RECORDED INFORMATION:

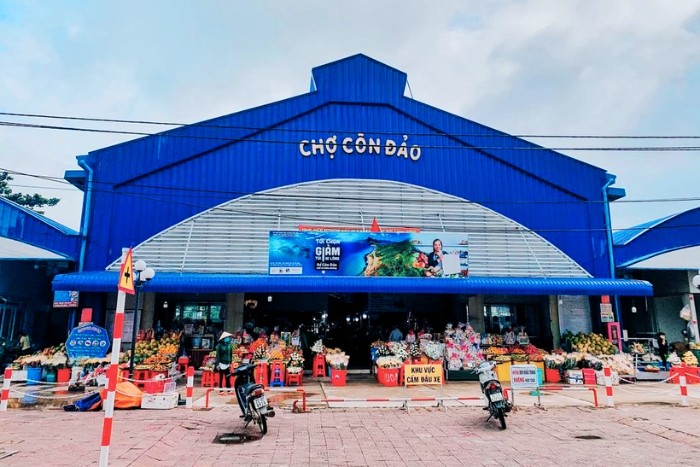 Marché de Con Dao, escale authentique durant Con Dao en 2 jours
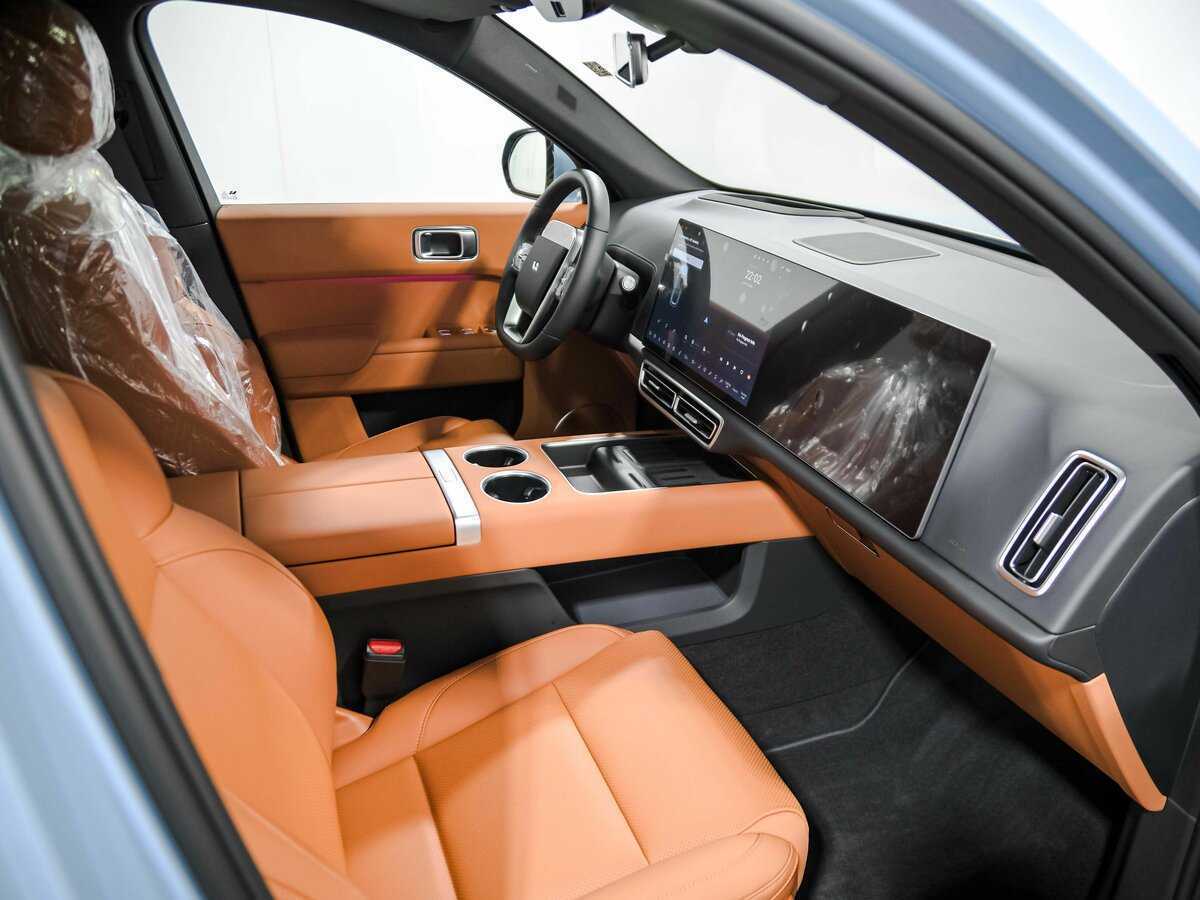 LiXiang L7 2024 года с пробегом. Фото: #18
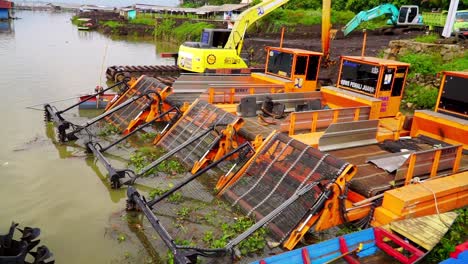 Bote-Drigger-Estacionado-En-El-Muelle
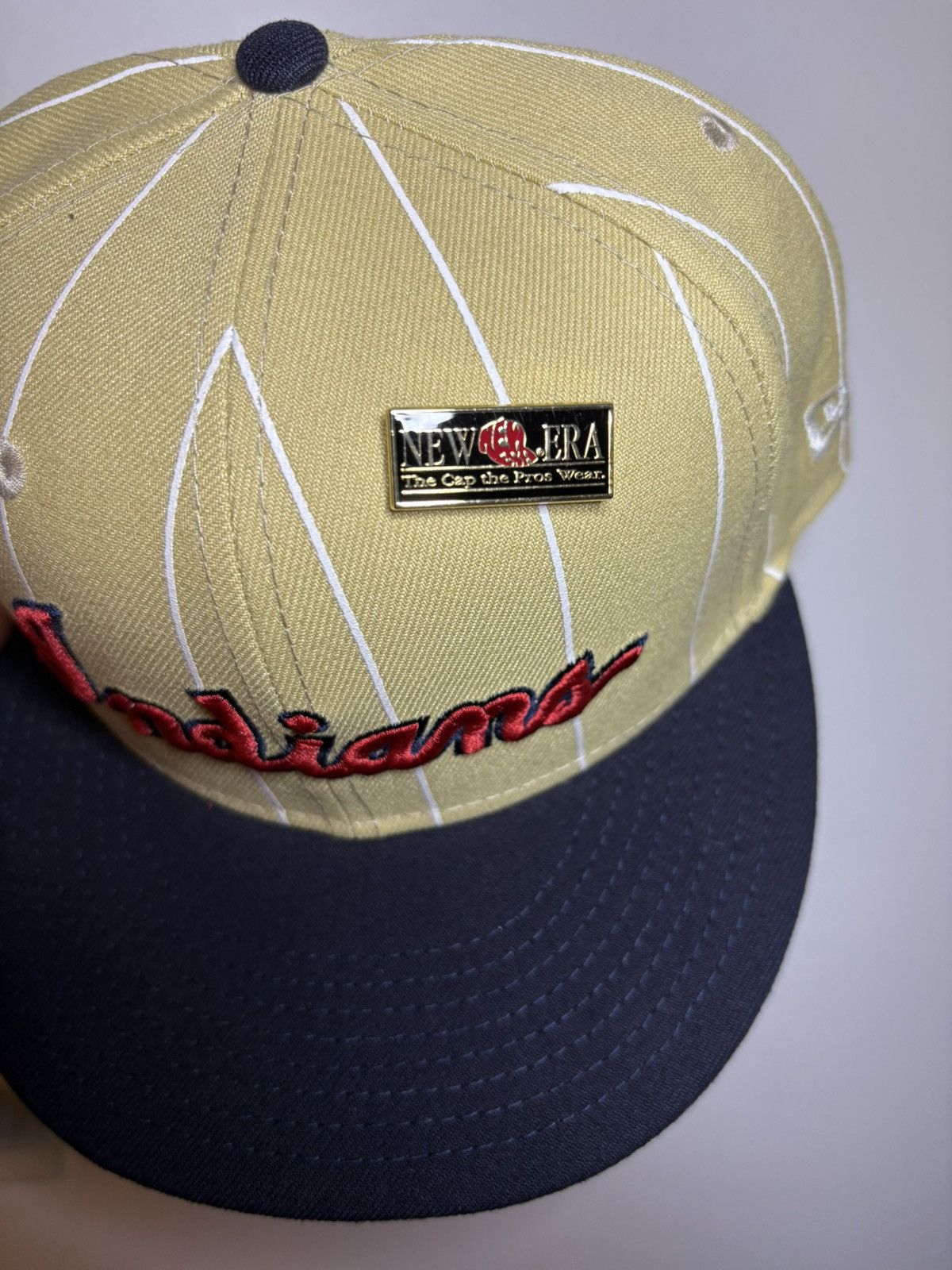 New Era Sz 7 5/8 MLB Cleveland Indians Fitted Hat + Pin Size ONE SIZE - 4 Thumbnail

ASSIGNMENT: Could you write out the whole listing exactly, skipping every picture?

ANSWER SPACE:
 Marché de Con Dao, escale authentique durant Con Dao en 2 jours
 LiXiang L7 2024 года с пробегом. Фото: #18
 Bote-Drigger-Estacionado-En-El-Muelle
 New Era Sz 7 5/8 MLB Cleveland Indians Fitted Hat + Pin Size ONE SIZE - 4 Thumbnail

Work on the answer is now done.